··· Input
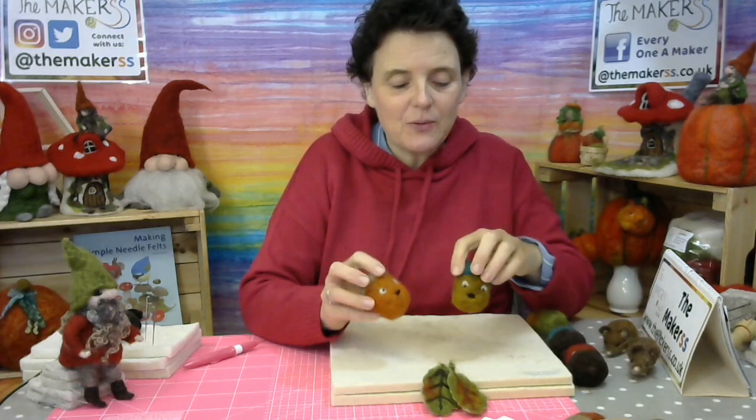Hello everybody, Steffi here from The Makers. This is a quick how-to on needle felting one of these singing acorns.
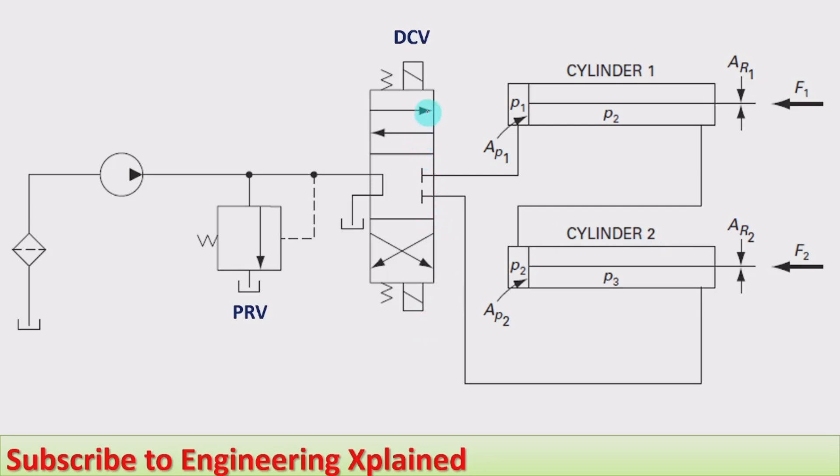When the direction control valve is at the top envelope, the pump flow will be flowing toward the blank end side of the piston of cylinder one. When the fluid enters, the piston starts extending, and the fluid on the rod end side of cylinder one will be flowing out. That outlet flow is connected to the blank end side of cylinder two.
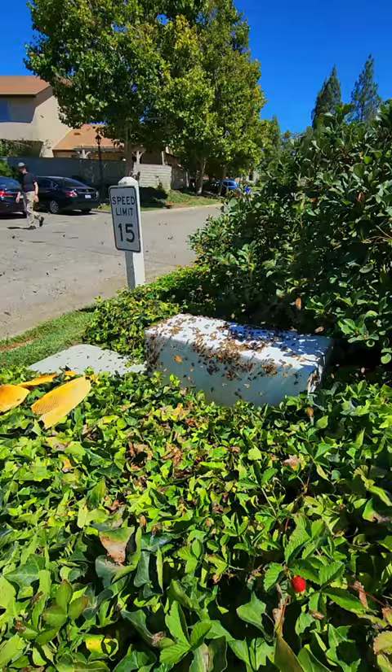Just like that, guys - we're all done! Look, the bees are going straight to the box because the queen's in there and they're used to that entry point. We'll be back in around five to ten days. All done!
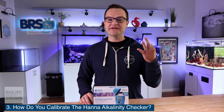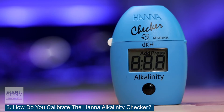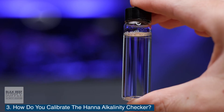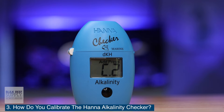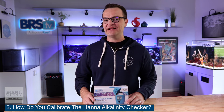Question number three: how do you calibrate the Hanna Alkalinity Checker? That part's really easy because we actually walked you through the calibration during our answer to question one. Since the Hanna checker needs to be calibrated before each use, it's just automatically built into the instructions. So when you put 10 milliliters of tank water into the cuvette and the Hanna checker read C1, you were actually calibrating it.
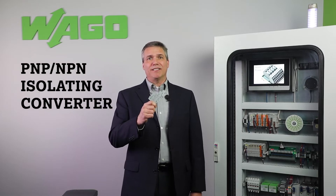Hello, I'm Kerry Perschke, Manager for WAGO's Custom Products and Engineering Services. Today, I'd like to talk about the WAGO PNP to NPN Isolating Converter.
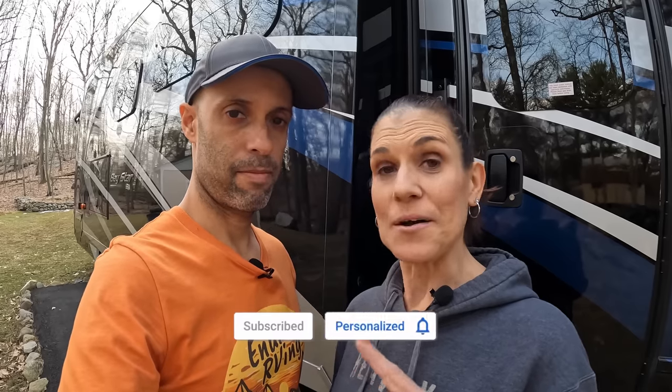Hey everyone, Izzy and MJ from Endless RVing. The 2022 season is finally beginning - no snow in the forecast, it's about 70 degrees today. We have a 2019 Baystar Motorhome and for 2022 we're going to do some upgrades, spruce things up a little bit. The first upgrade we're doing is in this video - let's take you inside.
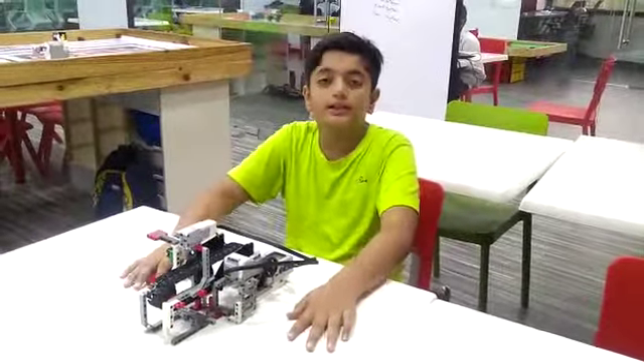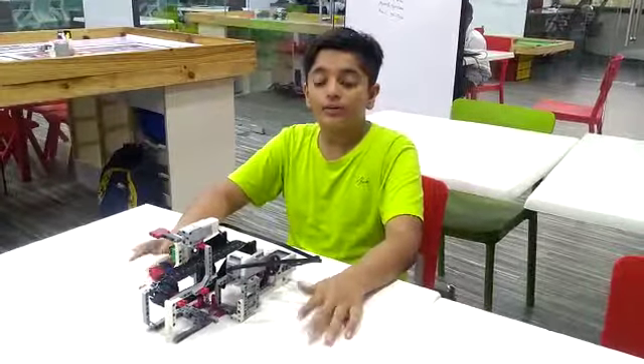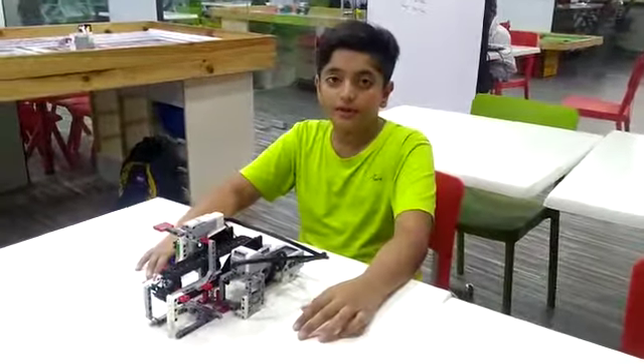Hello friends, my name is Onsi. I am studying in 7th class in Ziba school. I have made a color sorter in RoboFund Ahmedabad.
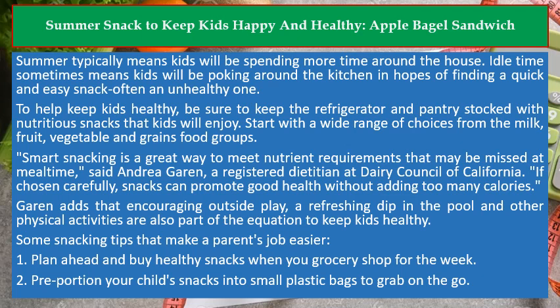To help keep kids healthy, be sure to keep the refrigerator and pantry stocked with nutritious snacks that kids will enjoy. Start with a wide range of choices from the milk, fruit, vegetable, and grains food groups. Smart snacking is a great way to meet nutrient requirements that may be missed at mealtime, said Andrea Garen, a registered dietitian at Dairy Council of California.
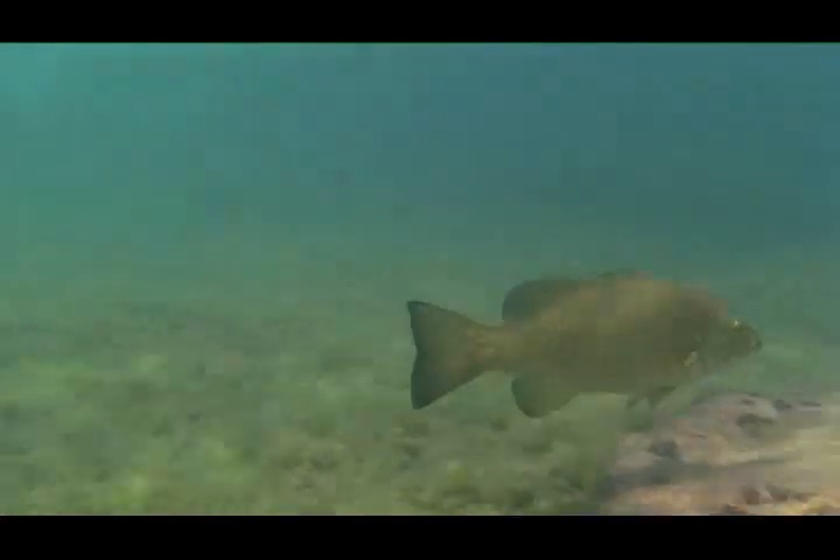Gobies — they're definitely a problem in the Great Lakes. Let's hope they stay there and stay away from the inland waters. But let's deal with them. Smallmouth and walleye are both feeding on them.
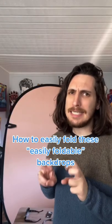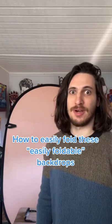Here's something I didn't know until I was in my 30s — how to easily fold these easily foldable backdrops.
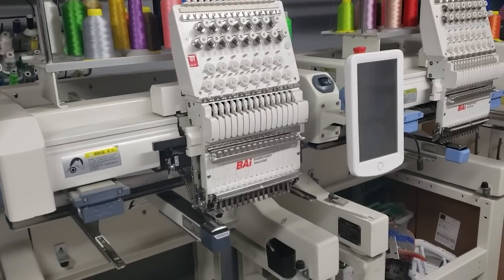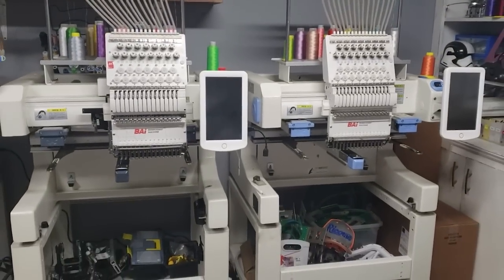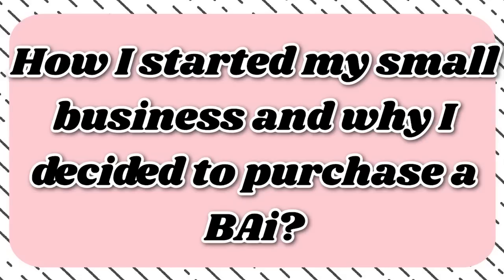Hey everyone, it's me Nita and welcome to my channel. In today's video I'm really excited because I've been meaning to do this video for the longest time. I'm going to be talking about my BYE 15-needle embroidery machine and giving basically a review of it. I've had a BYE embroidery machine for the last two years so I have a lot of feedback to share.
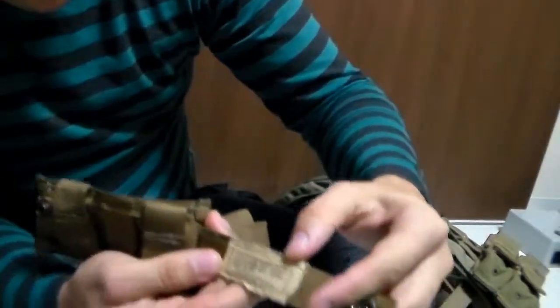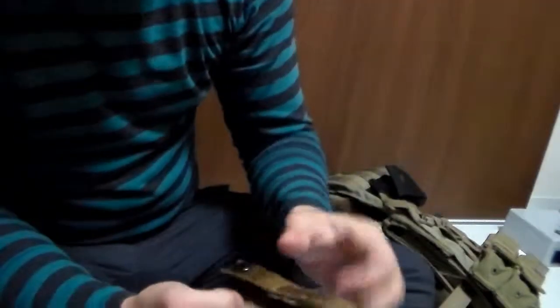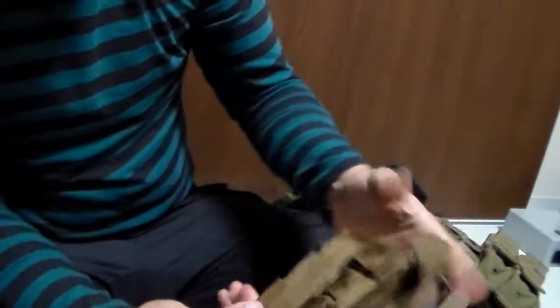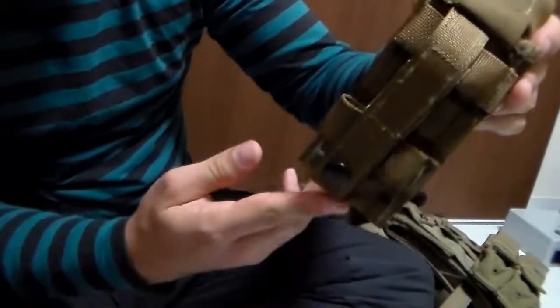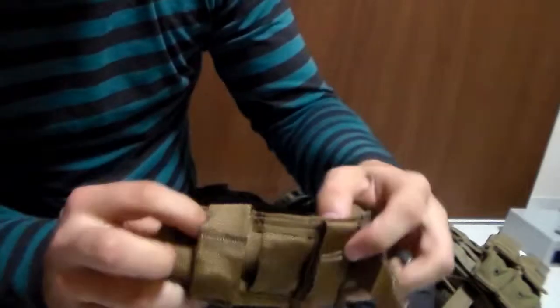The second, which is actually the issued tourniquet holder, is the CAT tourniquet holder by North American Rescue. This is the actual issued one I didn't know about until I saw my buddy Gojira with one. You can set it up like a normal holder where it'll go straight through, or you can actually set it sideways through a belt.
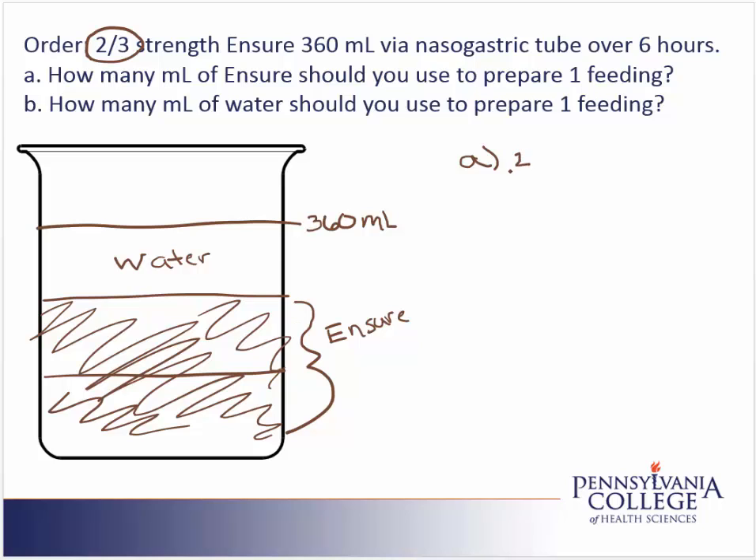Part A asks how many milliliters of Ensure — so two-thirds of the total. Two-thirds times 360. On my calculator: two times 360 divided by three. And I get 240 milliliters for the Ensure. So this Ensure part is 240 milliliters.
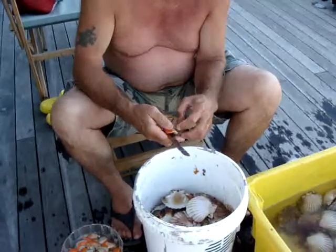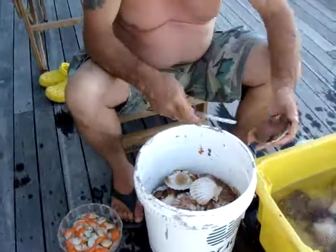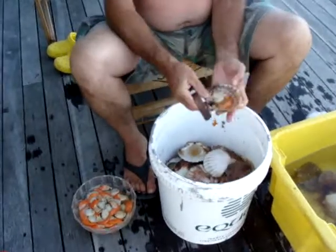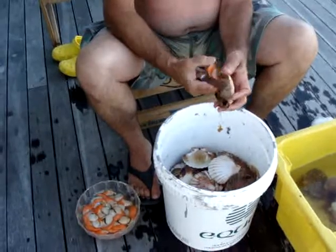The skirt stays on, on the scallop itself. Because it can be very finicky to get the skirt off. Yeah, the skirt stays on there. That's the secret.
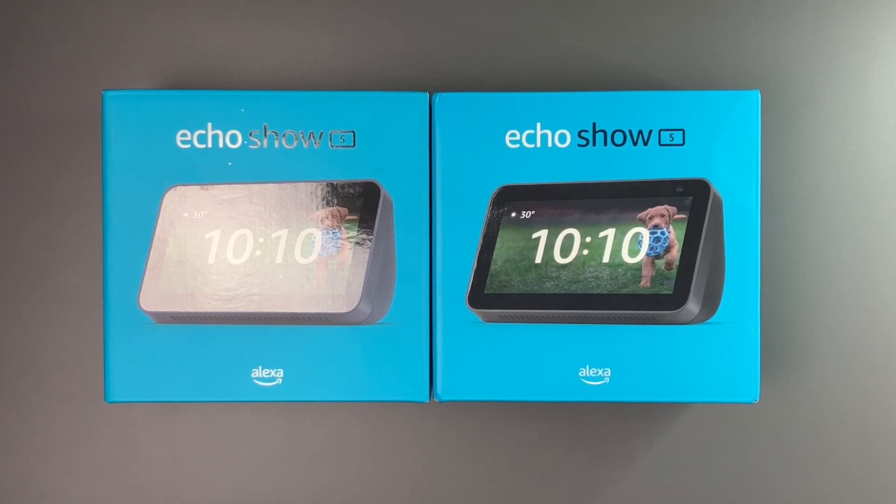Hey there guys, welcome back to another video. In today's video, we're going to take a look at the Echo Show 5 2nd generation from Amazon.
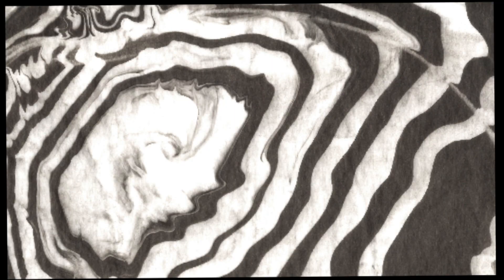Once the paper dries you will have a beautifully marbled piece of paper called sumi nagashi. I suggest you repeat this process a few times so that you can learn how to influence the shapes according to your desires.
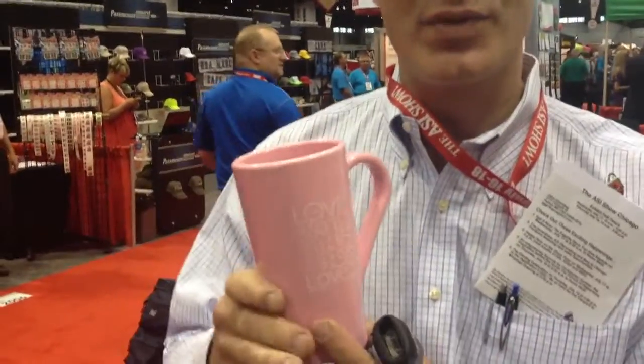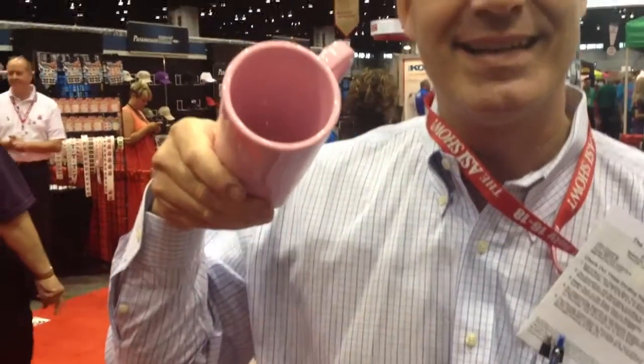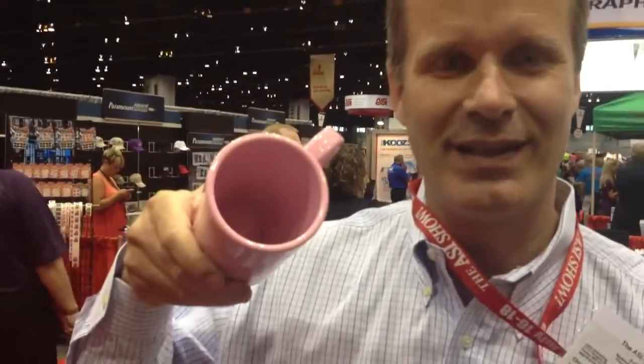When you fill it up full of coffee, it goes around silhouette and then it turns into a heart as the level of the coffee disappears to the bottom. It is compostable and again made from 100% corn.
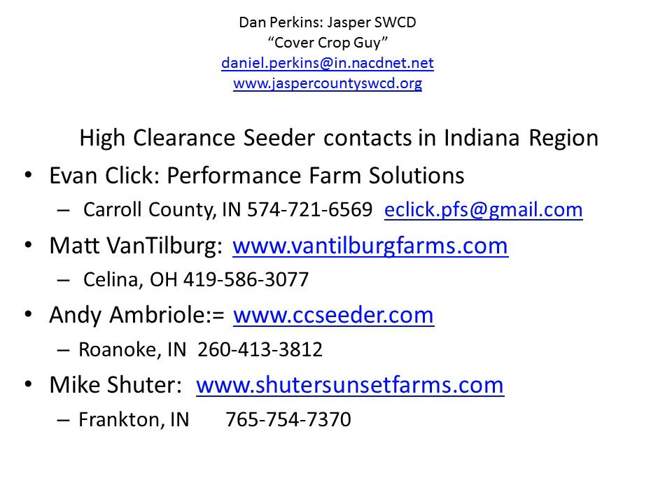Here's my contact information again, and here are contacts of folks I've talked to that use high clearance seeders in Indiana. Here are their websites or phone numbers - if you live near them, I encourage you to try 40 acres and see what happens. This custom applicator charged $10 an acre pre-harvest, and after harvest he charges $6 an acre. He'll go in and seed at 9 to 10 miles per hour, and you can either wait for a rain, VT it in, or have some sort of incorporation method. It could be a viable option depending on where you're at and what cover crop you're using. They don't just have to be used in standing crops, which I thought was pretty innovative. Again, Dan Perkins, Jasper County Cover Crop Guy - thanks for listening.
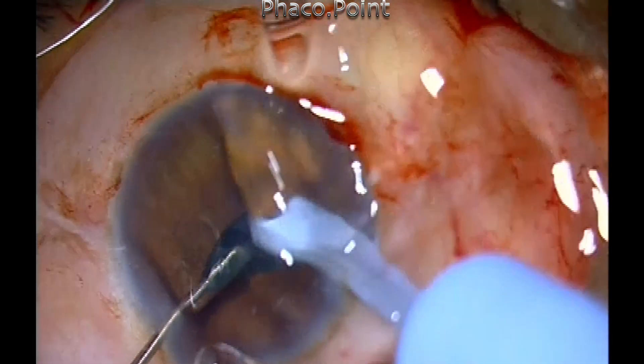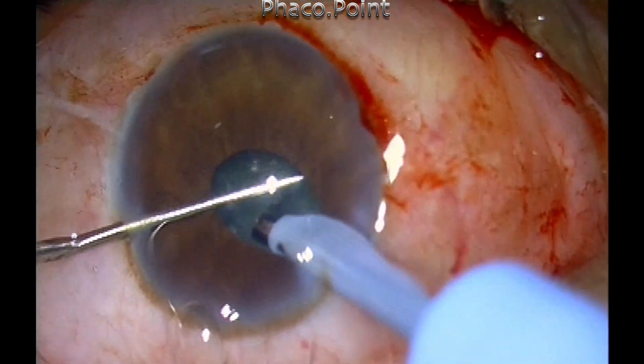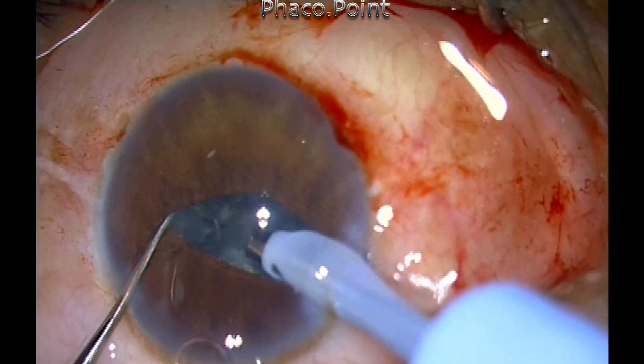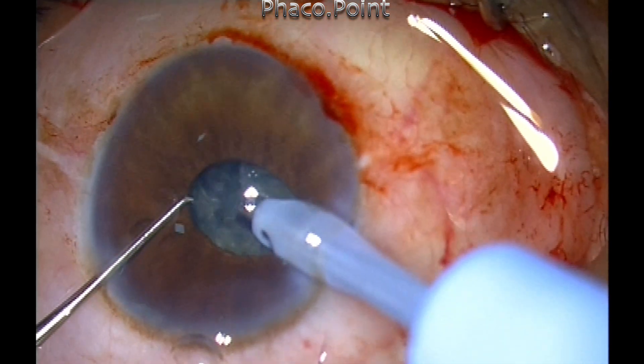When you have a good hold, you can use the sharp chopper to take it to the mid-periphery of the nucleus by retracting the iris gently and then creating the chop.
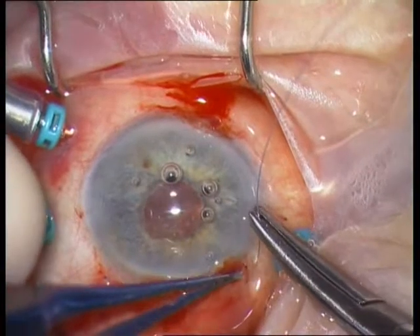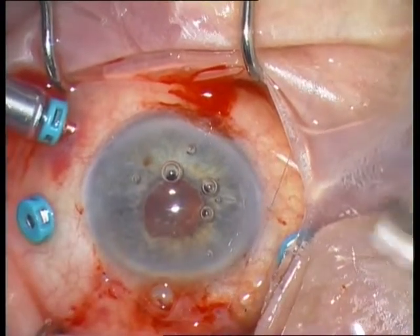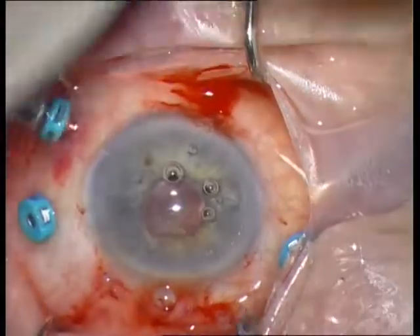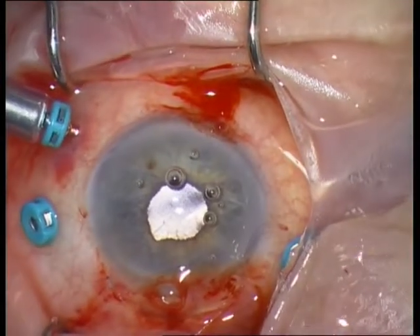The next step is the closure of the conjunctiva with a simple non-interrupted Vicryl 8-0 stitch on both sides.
······
= What is being asked =
Transcribe all records verbatim, no pictures.

= Task output =
Hello everybody, Steffi here from The Makers. This is a quick how-to on needle felting one of these singing acorns.
When the direction control valve is at the top envelope, the pump flow will be flowing toward the blank end side of the piston of cylinder one. When the fluid enters, the piston starts extending, and the fluid on the rod end side of cylinder one will be flowing out. That outlet flow is connected to the blank end side of cylinder two.
Just like that, guys - we're all done! Look, the bees are going straight to the box because the queen's in there and they're used to that entry point. We'll be back in around five to ten days. All done!
Question number three: how do you calibrate the Hanna Alkalinity Checker? That part's really easy because we actually walked you through the calibration during our answer to question one. Since the Hanna checker needs to be calibrated before each use, it's just automatically built into the instructions. So when you put 10 milliliters of tank water into the cuvette and the Hanna checker read C1, you were actually calibrating it.
Hello, I'm Kerry Perschke, Manager for WAGO's Custom Products and Engineering Services. Today, I'd like to talk about the WAGO PNP to NPN Isolating Converter.
Hey everyone, Izzy and MJ from Endless RVing. The 2022 season is finally beginning - no snow in the forecast, it's about 70 degrees today. We have a 2019 Baystar Motorhome and for 2022 we're going to do some upgrades, spruce things up a little bit. The first upgrade we're doing is in this video - let's take you inside.
Hello friends, my name is Onsi. I am studying in 7th class in Ziba school. I have made a color sorter in RoboFund Ahmedabad.
To help keep kids healthy, be sure to keep the refrigerator and pantry stocked with nutritious snacks that kids will enjoy. Start with a wide range of choices from the milk, fruit, vegetable, and grains food groups. Smart snacking is a great way to meet nutrient requirements that may be missed at mealtime, said Andrea Garen, a registered dietitian at Dairy Council of California.
Gobies — they're definitely a problem in the Great Lakes. Let's hope they stay there and stay away from the inland waters. But let's deal with them. Smallmouth and walleye are both feeding on them.
Here's something I didn't know until I was in my 30s — how to easily fold these easily foldable backdrops.
Hey everyone, it's me Nita and welcome to my channel. In today's video I'm really excited because I've been meaning to do this video for the longest time. I'm going to be talking about my BYE 15-needle embroidery machine and giving basically a review of it. I've had a BYE embroidery machine for the last two years so I have a lot of feedback to share.
The second, which is actually the issued tourniquet holder, is the CAT tourniquet holder by North American Rescue. This is the actual issued one I didn't know about until I saw my buddy Gojira with one. You can set it up like a normal holder where it'll go straight through, or you can actually set it sideways through a belt.
Part A asks how many milliliters of Ensure — so two-thirds of the total. Two-thirds times 360. On my calculator: two times 360 divided by three. And I get 240 milliliters for the Ensure. So this Ensure part is 240 milliliters.
The skirt stays on, on the scallop itself. Because it can be very finicky to get the skirt off. Yeah, the skirt stays on there. That's the secret.
Hey there guys, welcome back to another video. In today's video, we're going to take a look at the Echo Show 5 2nd generation from Amazon.
Once the paper dries you will have a beautifully marbled piece of paper called sumi nagashi. I suggest you repeat this process a few times so that you can learn how to influence the shapes according to your desires.
When you fill it up full of coffee, it goes around silhouette and then it turns into a heart as the level of the coffee disappears to the bottom. It is compostable and again made from 100% corn.
Here's my contact information again, and here are contacts of folks I've talked to that use high clearance seeders in Indiana. Here are their websites or phone numbers - if you live near them, I encourage you to try 40 acres and see what happens. This custom applicator charged $10 an acre pre-harvest, and after harvest he charges $6 an acre. He'll go in and seed at 9 to 10 miles per hour, and you can either wait for a rain, VT it in, or have some sort of incorporation method. It could be a viable option depending on where you're at and what cover crop you're using. They don't just have to be used in standing crops, which I thought was pretty innovative. Again, Dan Perkins, Jasper County Cover Crop Guy - thanks for listening.
When you have a good hold, you can use the sharp chopper to take it to the mid-periphery of the nucleus by retracting the iris gently and then creating the chop.
The next step is the closure of the conjunctiva with a simple non-interrupted Vicryl 8-0 stitch on both sides.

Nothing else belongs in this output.